1. Los nódulos pulmonares sólidos menores de 6 mm hallados incidentalmente en la tomografía computarizada no necesitan control con estudios por imágenes en pacientes de bajo riesgo. El seguimiento opcional con estudios por imágenes se puede considerar para pacientes de alto riesgo.

Los médicos de atención primaria encuentran incidentalmente nódulos pulmonares en la tomografía computarizada (TC) cada vez con mayor frecuencia, sin el aumento concomitante del diagnóstico de cáncer de pulmón. El médico debe poder identificar qué nódulos pueden representar un cáncer pulmonar incipiente y por lo tanto necesitan estudios por imágenes.

La actualización 2017 de las guías de la Fleischner Society recomienda que para los pacientes con nódulos sólidos no calcificados menores de 6 mm, el seguimiento con TC no está indicado en adultos de bajo riesgo mayores de 35 años.

“Bajo riesgo” corresponde al riesgo estimado de cáncer menor del 5%, como propuso el American College of Chest Physicians (ACCP) y se asocia con juventud, menos tabaquismo, nódulos de menor tamaño, bordes regulares y ubicados en una zona que no sea el lóbulo superior.

Estas guías definen “alto riesgo” incluyendo el riesgo intermedio del ACCP (riesgo de cáncer del 5%-65%) y el alto riesgo (>65% de riesgo de cáncer), que se asocian con mayor edad, tabaquismo intenso, mayor tamaño de los nódulos, bordes irregulares o espiculados y ubicación en el lóbulo superior.

Las recomendaciones son las mismas incluso si hay múltiples nódulos pulmonares sólidos menores de 6 mm.
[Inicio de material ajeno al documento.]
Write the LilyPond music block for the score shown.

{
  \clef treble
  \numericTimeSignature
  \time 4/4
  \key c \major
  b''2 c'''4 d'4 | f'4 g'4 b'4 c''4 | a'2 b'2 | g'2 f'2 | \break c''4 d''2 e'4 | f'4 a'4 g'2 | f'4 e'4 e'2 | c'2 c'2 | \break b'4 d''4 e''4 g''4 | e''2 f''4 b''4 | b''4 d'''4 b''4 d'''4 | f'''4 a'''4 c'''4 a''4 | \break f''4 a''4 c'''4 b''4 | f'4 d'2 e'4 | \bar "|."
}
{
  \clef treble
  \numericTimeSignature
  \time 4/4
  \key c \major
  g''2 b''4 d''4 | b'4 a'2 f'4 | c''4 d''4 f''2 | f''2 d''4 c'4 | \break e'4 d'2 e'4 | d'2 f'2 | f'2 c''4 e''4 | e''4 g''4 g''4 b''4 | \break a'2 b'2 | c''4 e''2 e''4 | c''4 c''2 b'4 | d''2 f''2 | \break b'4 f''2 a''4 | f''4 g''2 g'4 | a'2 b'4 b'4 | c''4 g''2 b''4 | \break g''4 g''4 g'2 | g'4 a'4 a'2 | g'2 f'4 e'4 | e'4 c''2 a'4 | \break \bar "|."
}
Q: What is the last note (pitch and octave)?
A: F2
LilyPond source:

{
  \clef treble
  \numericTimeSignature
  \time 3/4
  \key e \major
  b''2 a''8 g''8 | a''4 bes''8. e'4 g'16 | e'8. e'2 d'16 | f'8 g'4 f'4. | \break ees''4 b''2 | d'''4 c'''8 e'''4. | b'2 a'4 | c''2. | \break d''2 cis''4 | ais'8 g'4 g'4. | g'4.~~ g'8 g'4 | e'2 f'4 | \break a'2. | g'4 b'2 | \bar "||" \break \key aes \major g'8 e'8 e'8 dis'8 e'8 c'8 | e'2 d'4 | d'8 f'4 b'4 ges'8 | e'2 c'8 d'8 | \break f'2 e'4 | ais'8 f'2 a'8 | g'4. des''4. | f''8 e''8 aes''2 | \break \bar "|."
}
Obsérvese que todas estas guías nuevas son menos intensivas que las anteriores, ya que el umbral para el control con estudios por imágenes aumentó (antes, a partir de 4 mm), eliminando así muchas TC innecesarias.

Este cambio se basa sobre evidencia de estudios de pesquisa que indican que el riesgo de cáncer en nódulos sólidos menores de 6 mm es menor del 1%, aún en pacientes considerados de alto riesgo.

Una TC a 12 meses se puede considerar opcional para los nódulos menores de 6 mm en pacientes de alto riesgo y se puede considerar más seriamente en aquellos con morfología nodular sospechosa (por ej. bordes espiculados) o ubicación en el lóbulo superior.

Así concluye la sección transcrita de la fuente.